Net income for the second quarter of fiscal 2025 was $5.6 million, as compared to $12.9 million in the same period of the prior year. Diluted earnings per share for the second quarter of fiscal 2025 was $.18. This compares to $.40 in the second quarter of fiscal 2024. Adjusted diluted earnings per share, a non-GAAP measure, for the second quarter of fiscal 2025 was $.17. This compares to adjusted diluted earnings per share of $.41 in the second quarter of fiscal 2024. Please refer to the reconciliation of adjusted diluted earnings per share in the table below for details regarding excluded items in the second quarters of fiscal 2025 and 2024. Please refer to the Non-GAAP Financial Measures section below for a discussion of this non-GAAP measure.
During the second quarter of fiscal 2025, the Company closed 12 stores. Monro ended the quarter with 1,272 company-operated stores and 50 franchised locations.

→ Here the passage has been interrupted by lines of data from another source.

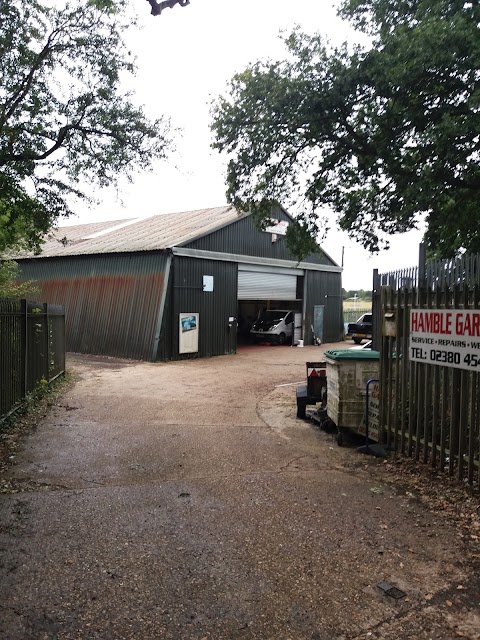 Hamble Garage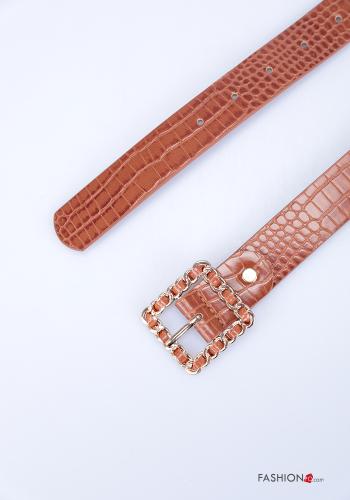 Tiermuster verstellbarer Gürtel - ph 2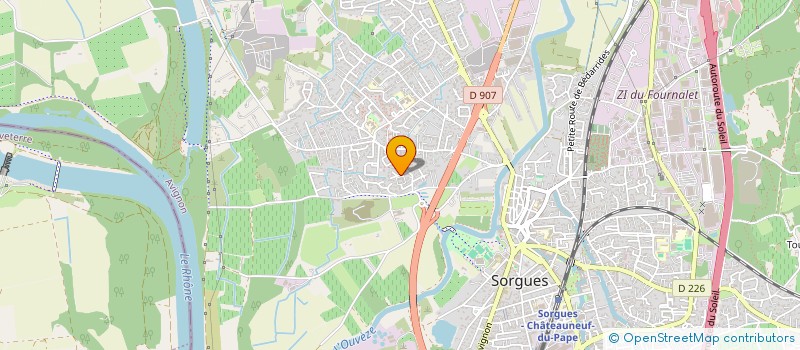 localisation de l'entreprise MONSIEUR CLAUDE BOUGHALEM  BAGNOLS-SUR-CEZE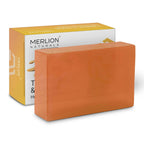 Merlion Naturals Turmeric and Sandal Glycerine Soap | Grocsy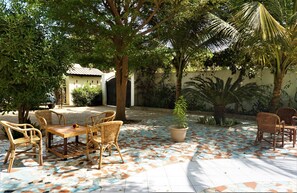 Terraza o patio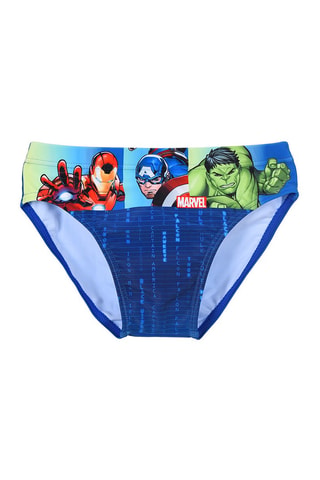 Braga de bikini Los Vengadores Marvel - Azul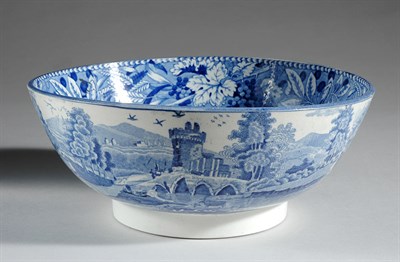 Lot 361 - Staffordshire Blue and White Transfer...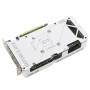 Asus Dual GeForce RTX 4060 EVO White OC Edition 8GB GDDR6 , NVIDIA , 8 GB , GeForce RTX 4060 , GDDR6 , HDMI ports quantity 1 , PCI Express 4.0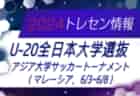 三鷹CF ジュニアユース 体験練習会 6/11他開催！2025年度 東京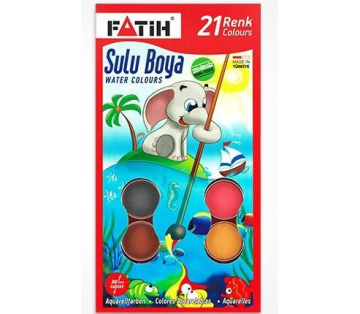 Fatih Sulu Boya Büyük 33mm 21 Renk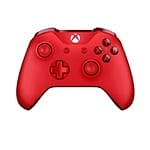 Microsoft Xbox Mando inalámbrico Rojo  Gamepad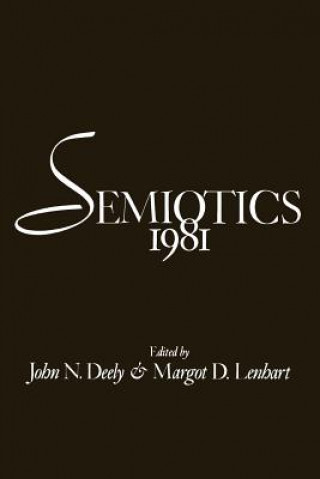 Книга Semiotics 1981 John N. Deely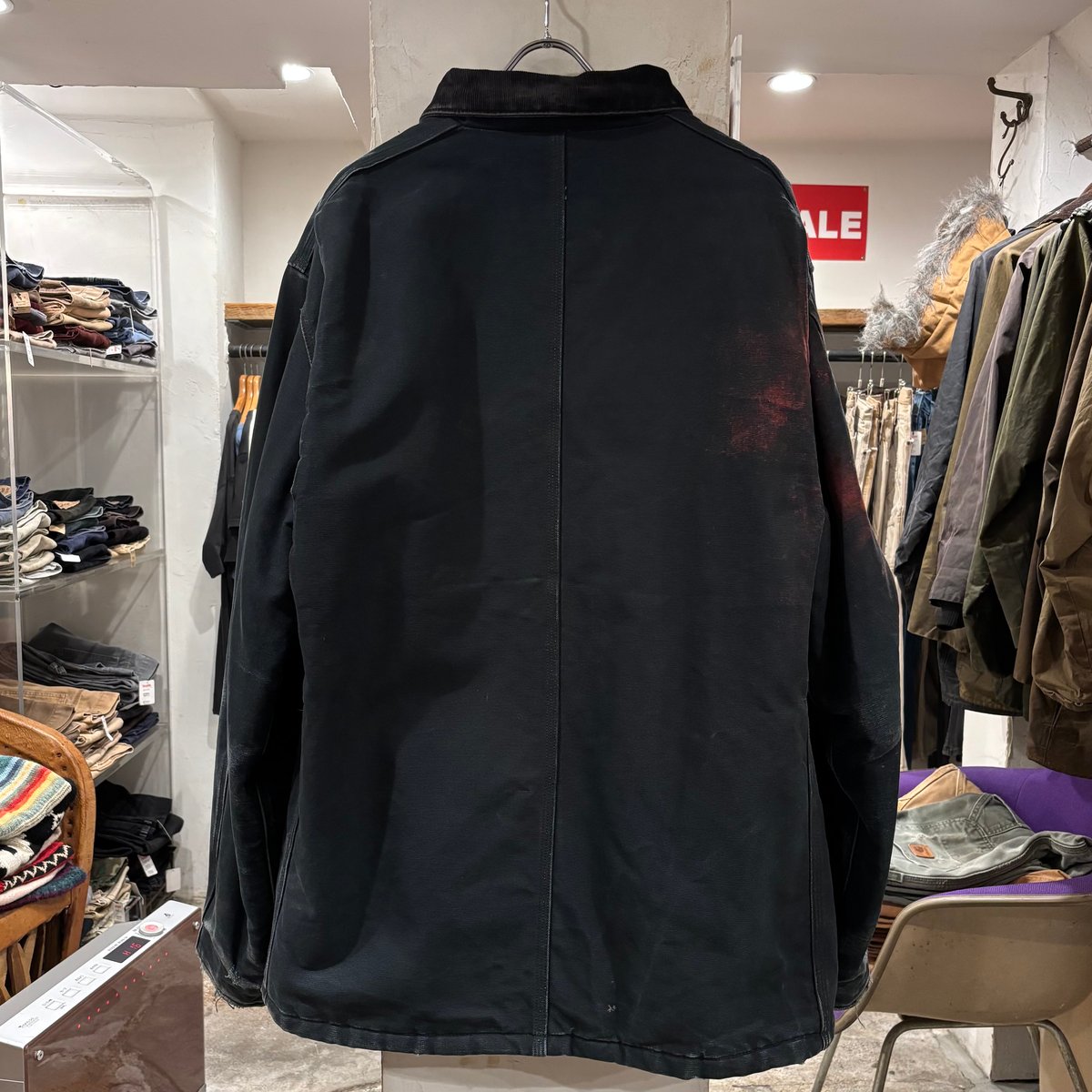 carhartt トラディショナルコート ダック地 カーハート ブラック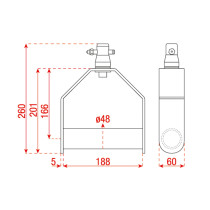 Single Downrigger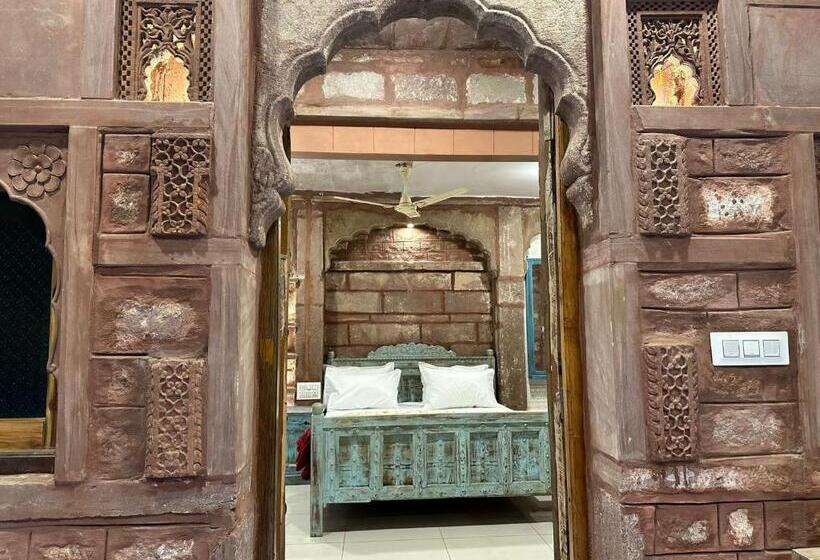 پانسیون Geel Heritage   A Restored Haveli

We drove sequential improvement in our year-over-year comparable store sales percentage change from the first quarter as well as a significant acceleration in our comp trends as the second quarter progressed. Importantly, our tire dollar and unit sales improved sequentially from the first quarter and our tire category exited the quarter with year-over-year growth in units in the month of September. Our ConfiDrive digital courtesy inspection process and our oil change offer allowed us to drive sequential improvement from the first quarter in our service category sales as well as year-over-year growth in both battery units and sales dollars in the quarter. Additionally, we improved our attachment rate for alignments, which resulted in year-over-year growth in both alignment units and sales dollars in the month of September. Encouragingly, our sales momentum from the second quarter has continued into fiscal October with our preliminary comparable store sales down only 1%, supported by improving trends in tires and all service categories, including brakes. Excluding the impact of Hurricanes Helene and Milton, our preliminary comparable store sales would have been approximately flat compared to the prior year, said Mike Broderick, President and Chief Executive Officer.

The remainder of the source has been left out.